The learned trial Judge did not grant the claim of the appellant. He dismissed it. Ogbodu, J. described the entire action as speculative and gold digging, provocative and sufficient to cause the respondent annoyance. The Court of Appeal did not agree with the learned trial Judge. That court awarded the appellant redundancy benefits in the sum of N5,285.00.
The appellant has come to the Supreme Court. He is still aggrieved. In his brief of argument, the appellant formulated three issues on the evaluation of the evidence before the trial court in the award of the redundancy benefits; the refusal of the court to award repatriation allowance and the use of exhibit H as the legal basis of the relationship of the parties. The respondent also formulated three issues along with same or similar lines.
It appears to me that both parties agree that exhibit H governed the labour relationship between them. I entirely agree with them. They move apart and in their different ways on the construction or interpretation of Exhibit H in the light of the facts of the case. exhibit H provides for the payment of repatriation allowance. So too the payment of redundancy benefits.
While Article 9 provides for payment of repatriation allowance, Article 10 provides for payment of redundancy benefits.
Let me quickly read the two articles:
“9(b) Employment may be terminated upon giving one month’s notice by either side or payment in lieu of such notice.
(c) If an employee’s service is terminated by the company, the employee shall be repatriated, his wife and a maximum of four (4) children, to his original place of engagement at the company’s expense.

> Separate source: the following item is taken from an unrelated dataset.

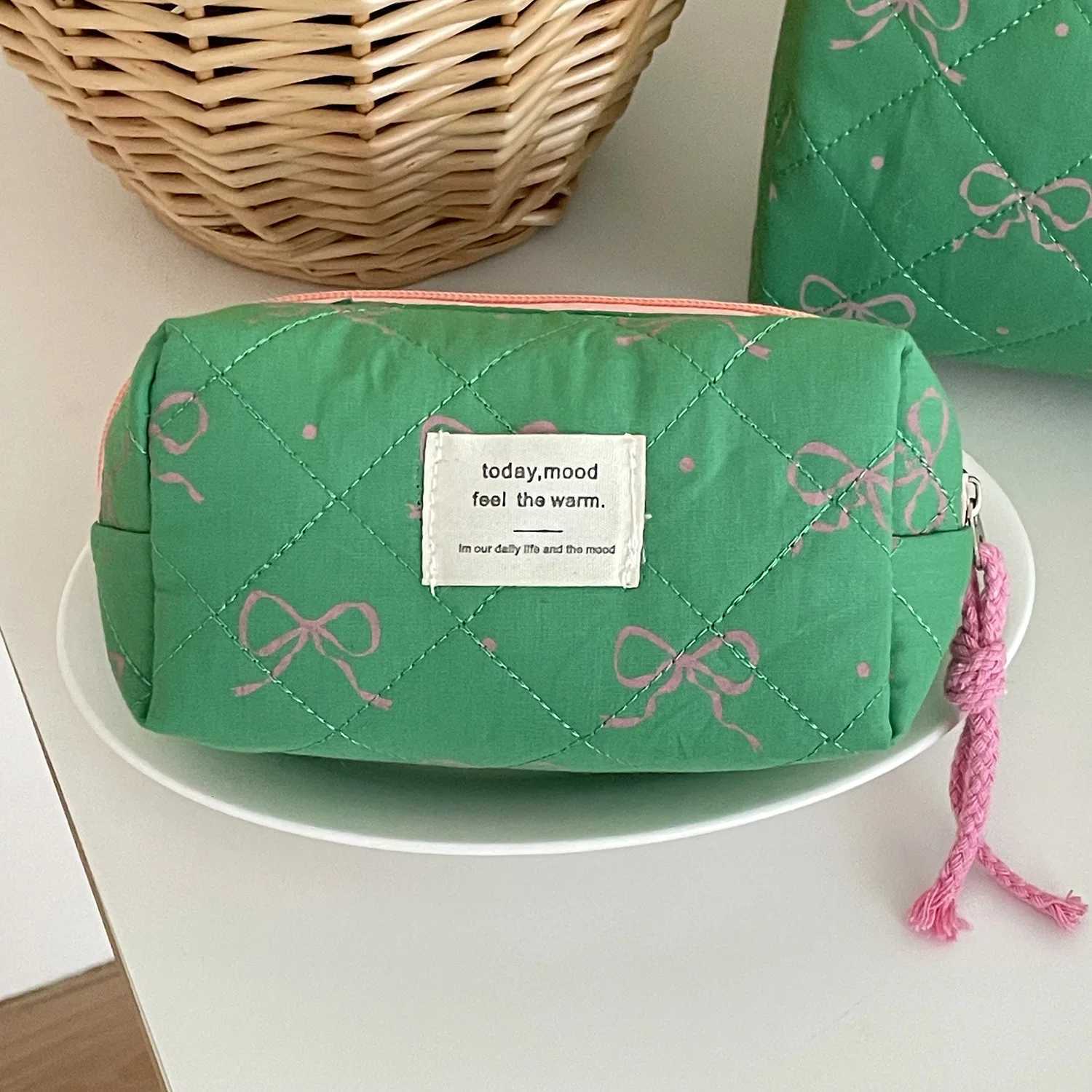 Sweet Bow Casual Womens Cosmetic Bags Contrast Color Ladies Toiletry Storage Bag Travel Portable Female Makeup Case HandbagsT251024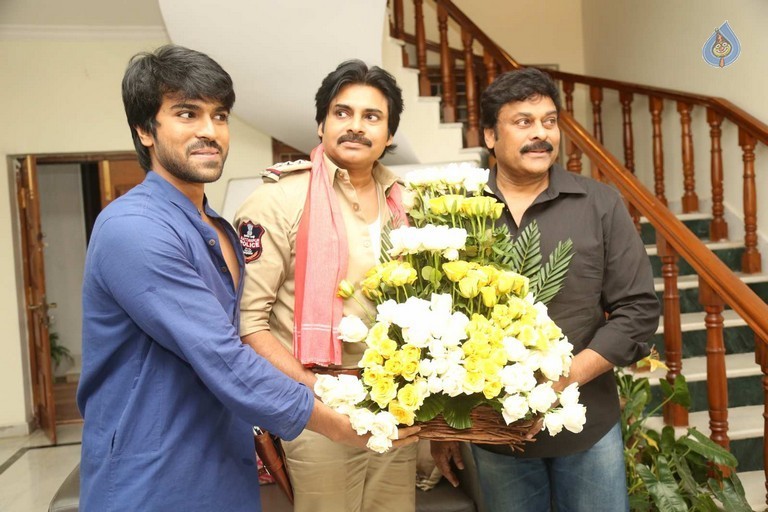 Pawan Kalyan meets Chiranjeevi - 52 / 74 photos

10. Redundancy pay shall be given as compensation for loss of future prospect with one employer. Redundancy occurs when the service of a worker, having been in the continuous employment of one employer for two or more years are no longer required by that employer due to no fault of the worker, EXCEPT those workers who are employed on a contract for a specific job or for a specific length of time.”

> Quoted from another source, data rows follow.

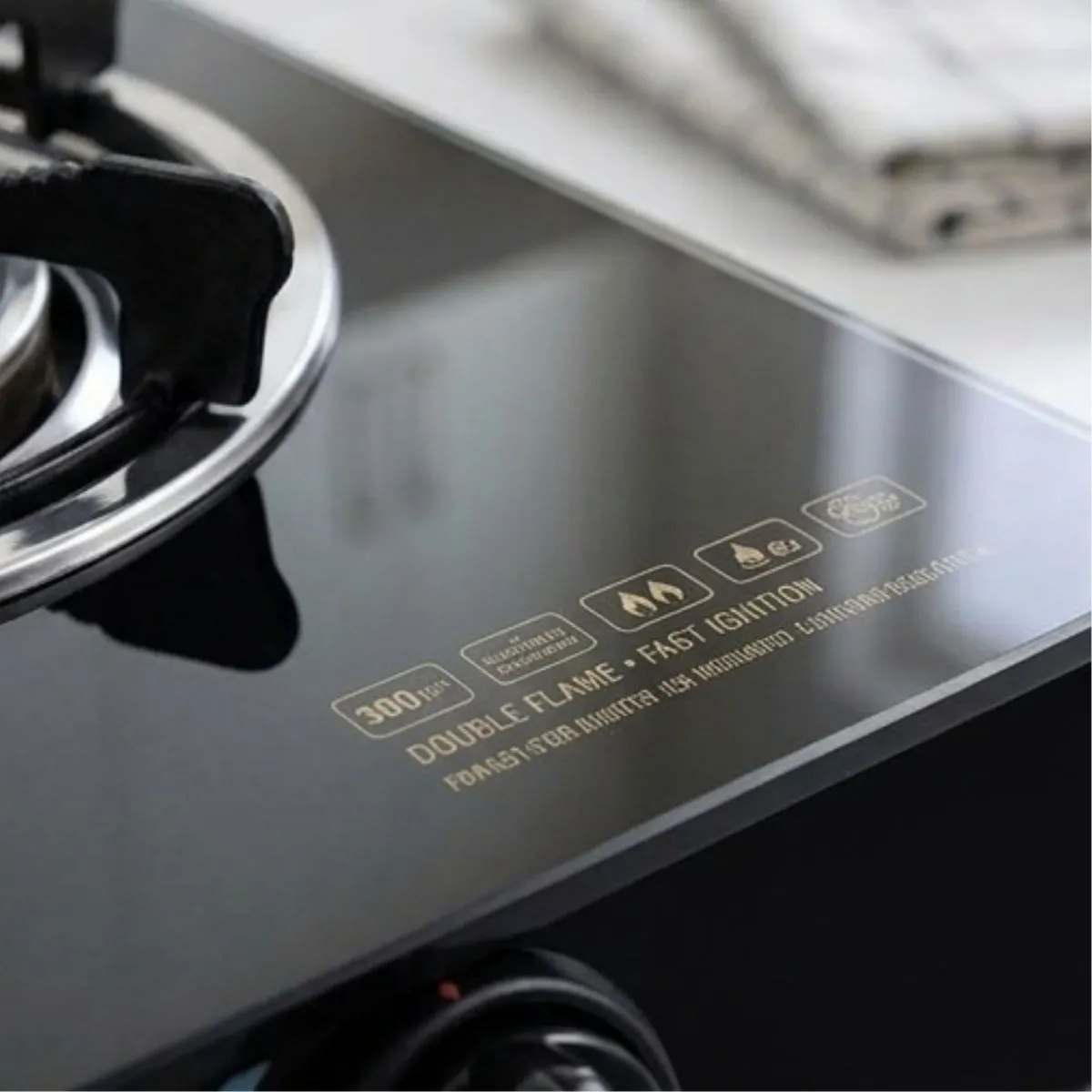 Euro Infrared Gas Cooker – Glass Top with Flame Control - Image 4
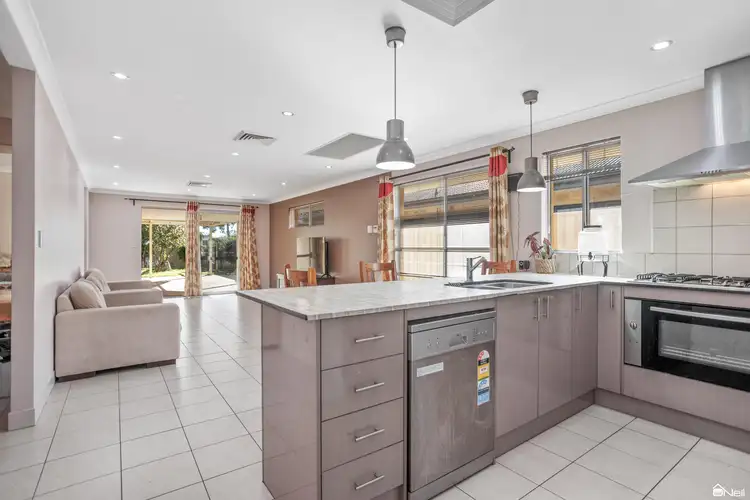 Sixth view of Homely house listing, 33 Clover Approach, Seville Grove WA 6112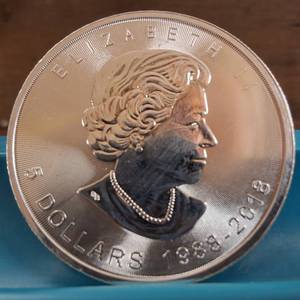 lot 198 image: 2018 $5 Canadian Silver Maple Leaf   .9999 Pure Fine Silver  1 Troy Ounce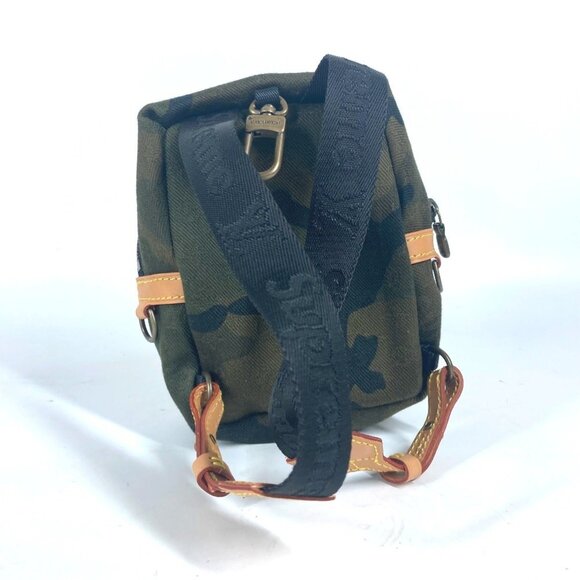 LOUIS VUITTON Green Backpack - Picture 2 of 16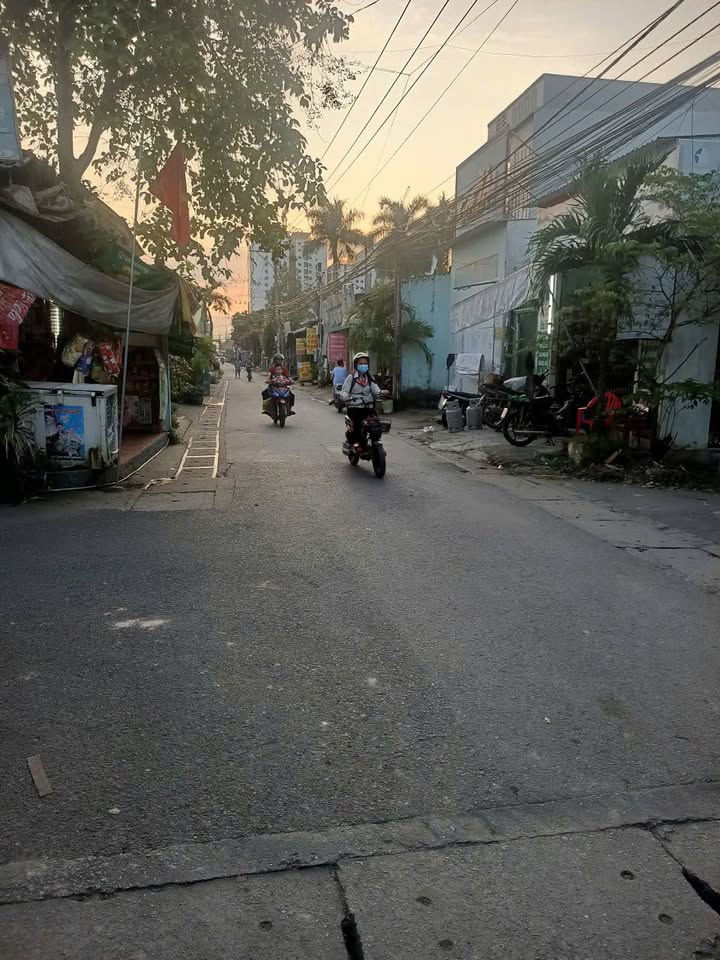 FrontHouse Hòa Lợi, Bến Cát 140m² giá 1.8 tỷ - Mặt tiền kinh doanh sầm uất!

The Court of Appeal could not order the payment of repatriation allowance because the appellant did not plead it in his Amended Statement of Claim. The court said at page 140 of the record:
“I agree with the submission of learned counsel for the Respondent that the plaintiff/appellant’s claim for Repatriation allowance was not pleaded as is not one in respect of which issues were joined and canvassed at the lower court. There was therefore no reason for the lower court, notwithstanding the admission of Peter Enumah under cross-examination to hold that the repatriation allowance should have been included when Exhibit K was computed.”

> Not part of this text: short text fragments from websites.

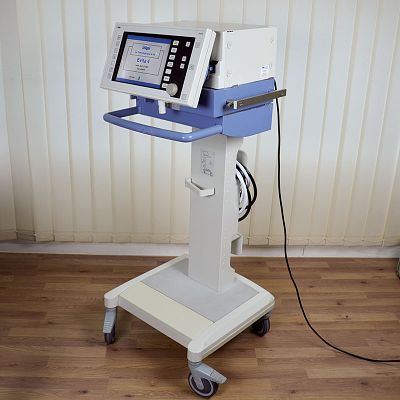 DRAGER EVITA 4 RESUSCITATIVE/INTENSIVE CARE VENTILATOR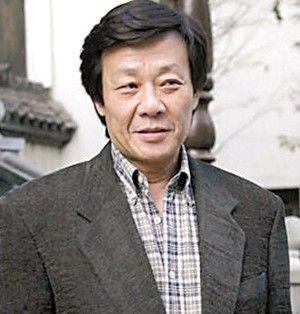 63岁寇世勋,现实版大老爷,两个漂亮老婆,儿子被称为最帅星二代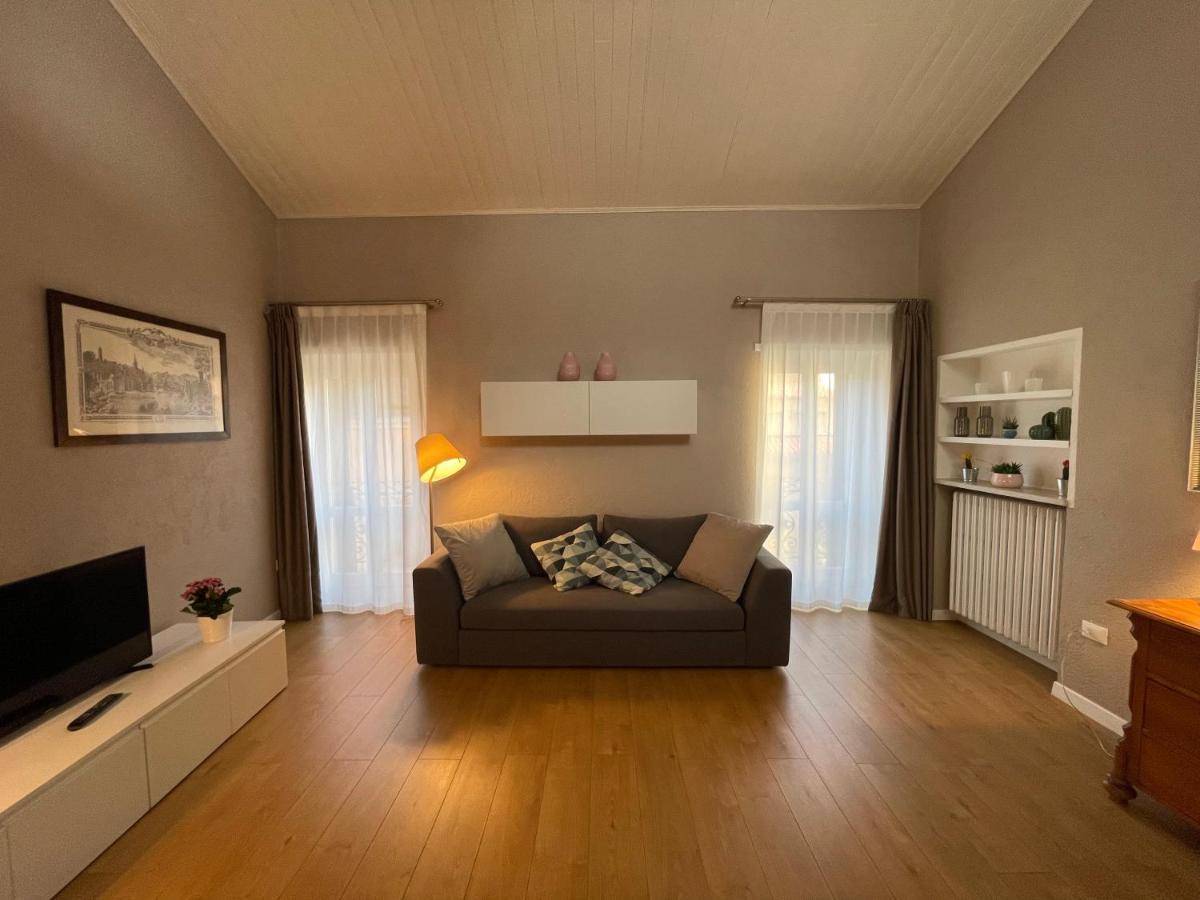 Domus Apartment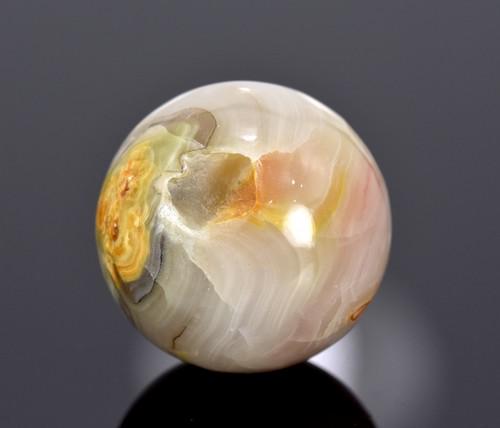 137  Gram Beautiful Onyx Healling Sphere (1 of 5)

It is the law that parties are bound by their pleadings and that matters not pleaded will go to no issue. See Owoade v. Omitola (1988) 2 NWLR (pt. 15) 134; Ehimare v. Emhonyon (1985) 1 NWLR (pt. 2) 177; Oredoyin v. Arowolo (1989) 4 NWLR (Pt. 114) 172; Afrotec Technical Services (Niq.) Ltd. v. MIA and Sons Ltd. (2000) 15 NWLR (pt. 692) 730; Makinde v. Akinwale (2000) 2 NWLR (Pt. 645) 435.
The object of pleadings is to enable the adverse party and the court knows the case before the date of hearing. Accordingly, once the pleadings are settled, parties cannot move in or out of them, unless by the process of amendment. If parties have the liberty to give evidence on facts not pleaded in the pleadings, there will not only be a state of confusion, but litigation may not be completed on time. In view of the fact that the appellant did not make any case in the trial court for payment of repatriation allowance, the Court of Appeal correctly refused to award same.
There is still one aspect. It is the evidence procured under cross-examination The cliche or aphorism that the sky is the limit of cross-examination is not good law. This is not because, (to put it lightly) the lawyer is not an astronomist or astronomer, but because there is no such law. The discipline of law is one which is characterized by limitations here and there and cross-examination cannot occupy such a tall and enviable place in our law of procedure. And here I should say that relevancy is a limitation in all the three types of examination, including cross-examination. After all, relevancy is the cynosure or heart beat of the Law of Evidence. See sections 6, 7 and 8 of the Evidence Act, 1990.
Terms and conditions of service, in a labour agreement, are concise and precise and so stated in the agreement. A court of law will therefore not find it difficult to grant a relief based on the labour agreement, if the plaintiff pleads it. have searched to no avail the relief of repatriation allowance.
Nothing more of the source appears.